# Task directions
When you reach the line containing "Rolex Day-Date 40", begin reproducing the lines exactly and continue through the end of the listing, leaving out the pictures.

# Source data
[Start of Attachment]

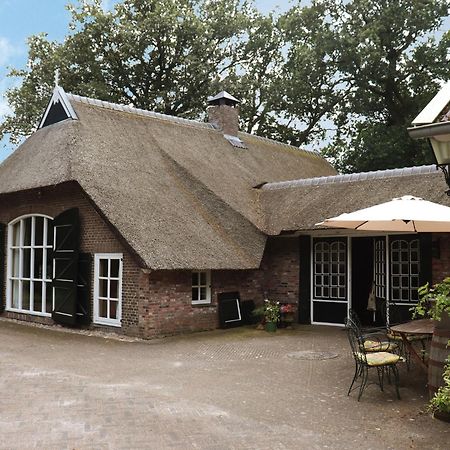 Villa On An Estate In Rheezerveen With Garden Екстериор снимка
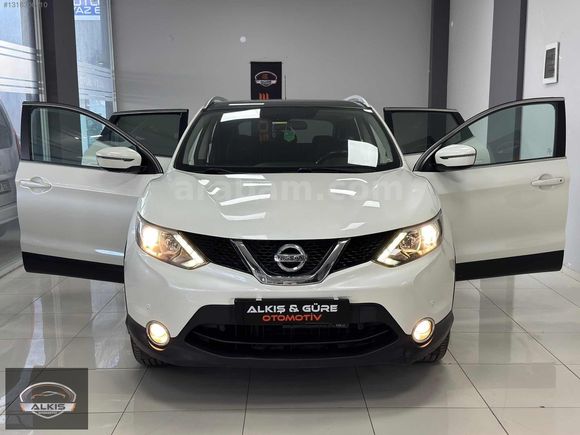 2015 MODEL SKY PACK 1.5 DCİ DEĞİŞENSİZ CAM TAVANLI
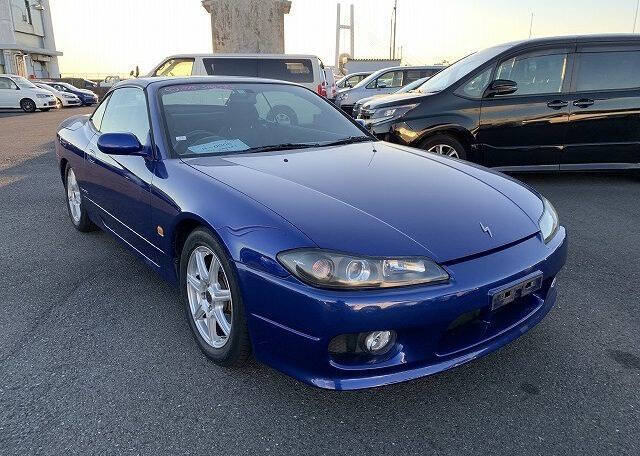2000 Nissan Silvia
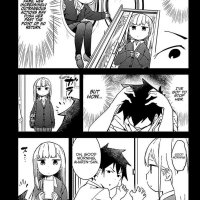 comics porno de aharen-san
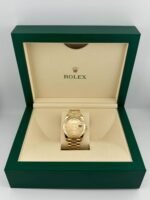 Rolex Day-Date 40 Yellow Gold Champagne Dial 228238 - Image 5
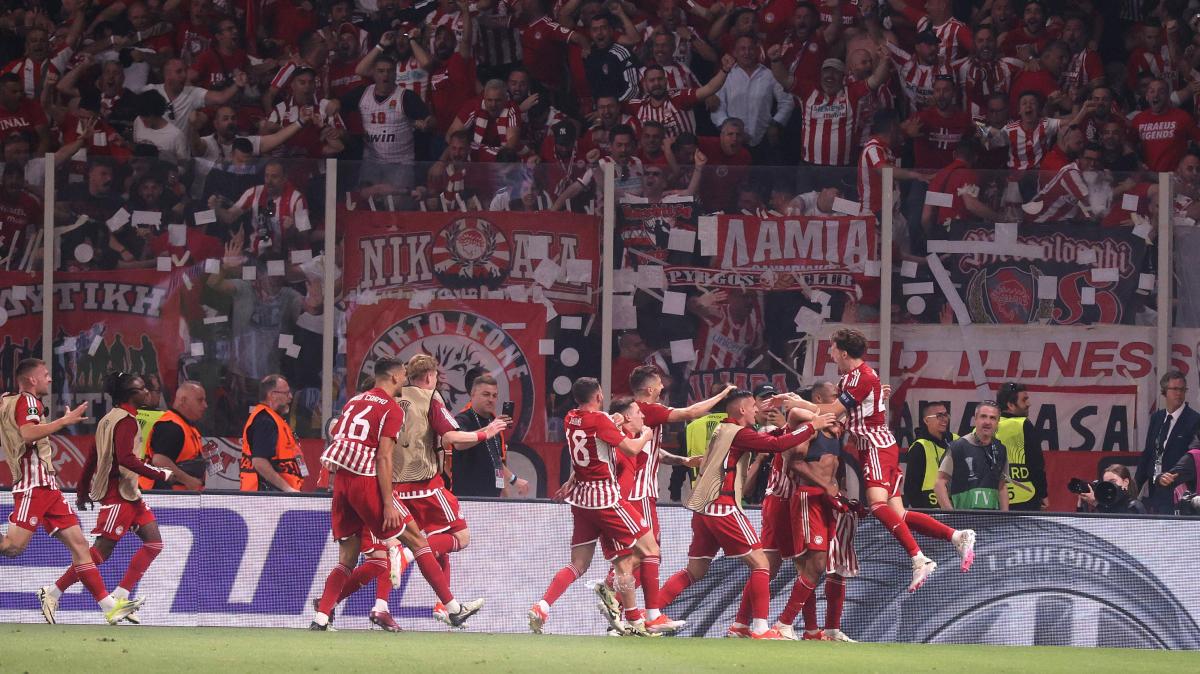 Olympiakos-Real Madrid, attesi scout del Parma stasera al Karaiskakīs di Atene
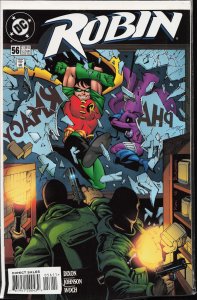Robin #56 (1998) Robin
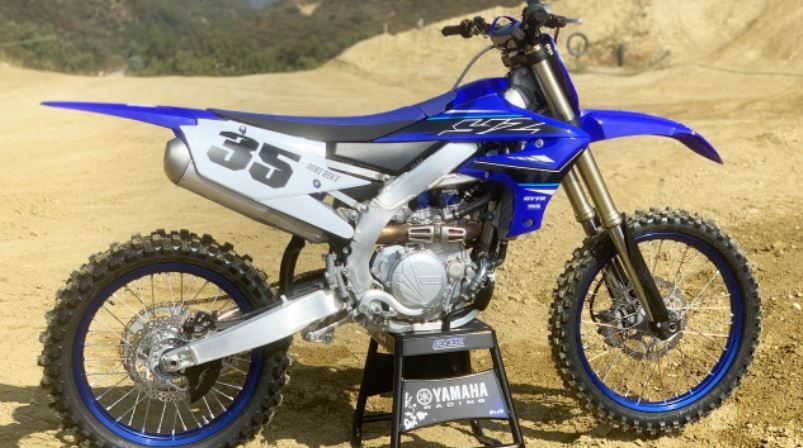 YZ450F Bike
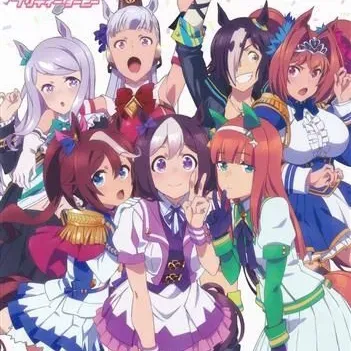 Uma musume: Interactive AI chatbot mascot for random chat and community-driven roleplay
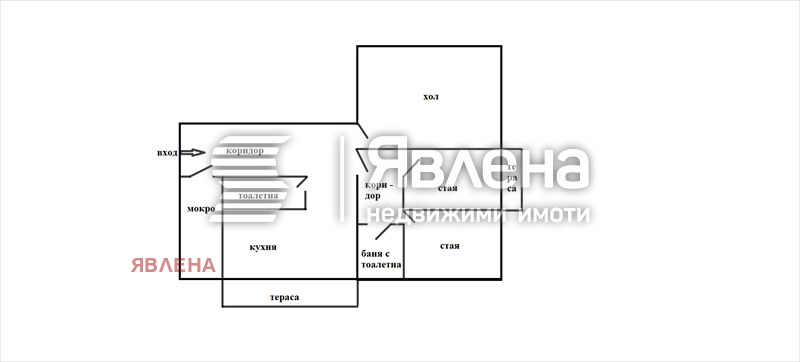 Продава 3-СТАЕН, гр. София, Обеля 1, снимка 13 - Апартаменти - 54103258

[End of Attachment]

# Solution to this problem
 Rolex Day-Date 40 Yellow Gold Champagne Dial 228238 - Image 5
 Olympiakos-Real Madrid, attesi scout del Parma stasera al Karaiskakīs di Atene
Robin #56 (1998) Robin
 YZ450F Bike
 Uma musume: Interactive AI chatbot mascot for random chat and community-driven roleplay
 Продава 3-СТАЕН, гр. София, Обеля 1, снимка 13 - Апартаменти - 54103258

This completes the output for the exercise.